The fun and the danger of mounting NOISES OFF, as the Narberth Community Theatre is now doing, can perhaps best be summed up by former New York Times drama critic Frank Rich. Rich referred to Michael Frayn’s farce as the funniest play written in his lifetime, and later referred to the unsuccessful film version as one of the worst movies ever made. Those superlatives put a lot of pressure on a company, and it’s a pleasure to report that if the amiable and hard-working cast of NCT doesn’t quite pull off the funniest evening in my lifetime, they wring more than enough laughs to guarantee a good time.
While playwright Frayn sets up a fair amount of backstage drama and love triangles to light the farcical fires under his characters, what his play is really about is how hard it is to make a farce work—how much fun it is to be in and watch a successful farce, and how horrifying it is to be caught in one (and helplessly watching it) when it dies. The three-act play introduces us to a not-quite-first-rate touring company stumbling through an eleventh-hour rehearsal of a dreadful but sure-fire farce called Nothing On. (If you’re up on your English sex farces, you’ll appreciate the aptness of the title.) The remaining two acts give us performances of the same act we see in rehearsal, one from a backstage perspective, and one from out front again, as the production and its performers inevitably and often hilariously fall apart. The brilliance of Frayn’s set-up and execution lies in our seeing how NOISES OFF works perfectly by virtue of the farce-within-the-farce, Nothing On, going catastrophically wrong.

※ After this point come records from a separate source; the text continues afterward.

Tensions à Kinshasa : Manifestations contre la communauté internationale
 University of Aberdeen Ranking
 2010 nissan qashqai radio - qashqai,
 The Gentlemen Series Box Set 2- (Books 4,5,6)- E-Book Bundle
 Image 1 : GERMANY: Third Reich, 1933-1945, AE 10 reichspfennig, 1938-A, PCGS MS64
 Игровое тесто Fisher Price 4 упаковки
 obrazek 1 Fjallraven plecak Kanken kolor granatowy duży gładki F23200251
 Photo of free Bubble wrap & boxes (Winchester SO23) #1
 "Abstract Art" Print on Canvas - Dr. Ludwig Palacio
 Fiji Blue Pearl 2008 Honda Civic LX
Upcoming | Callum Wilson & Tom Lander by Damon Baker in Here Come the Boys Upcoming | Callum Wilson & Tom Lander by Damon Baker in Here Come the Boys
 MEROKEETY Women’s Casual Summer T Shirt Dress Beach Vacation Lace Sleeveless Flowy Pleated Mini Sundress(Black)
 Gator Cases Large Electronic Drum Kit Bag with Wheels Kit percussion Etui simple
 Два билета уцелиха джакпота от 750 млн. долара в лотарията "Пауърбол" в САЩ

Director Steve Arcidiacono gives his cast plenty of exercise as the actors race up and down stairs and in and out of seven doors, playing actors caught in their own real-life farce while simultaneously trying to keep their onstage farce on its feet. There are moments throughout of admirable choreography and split-second timing that draw not only well-deserved laughs from the audience, but the kind of “oohs” and “aahs” you hear when top-flight dancers execute especially graceful moves. Only in the final act, when the onstage farce hits bottom, does the company’s energy start to flag a bit. Nevertheless, the (real-life) actors seem to be having the time of their lives, and happily, this atmosphere of fun reaches the audience as well. Dan McGlaughlin, as the simultaneously pompous, inarticulate (and, apparently, insanely jealous) Gary, probably made me laugh the most, but all the actors score. In no particular order, Kim Albright is a delight as the harried assistant stage manager with a big secret; Shamus Hunter McCarty is perfectly exasperated as the overworked stage manager/understudy; Michael Tamin Yurcaba provides an appropriately bombastic presence as the director in over his head in more ways than one; Loretta Lucy Miller, as Dotty, somehow manages to make the word “sardines” insanely funny; Nancy Bennett finds plenty of her own ways to be funny as Belinda, the most “reliable” actor; Leigh Jacobs does well by the perpetually apologizing Freddie; Stephanie Weinstein is a hoot as the dim-bulb (and dim-sighted) novice Brooke; and Ben Kendall just has to enter to get his laughs as the never-quite-there Selsdon, the English veteran with equal parts greasepaint and alcohol in his veins.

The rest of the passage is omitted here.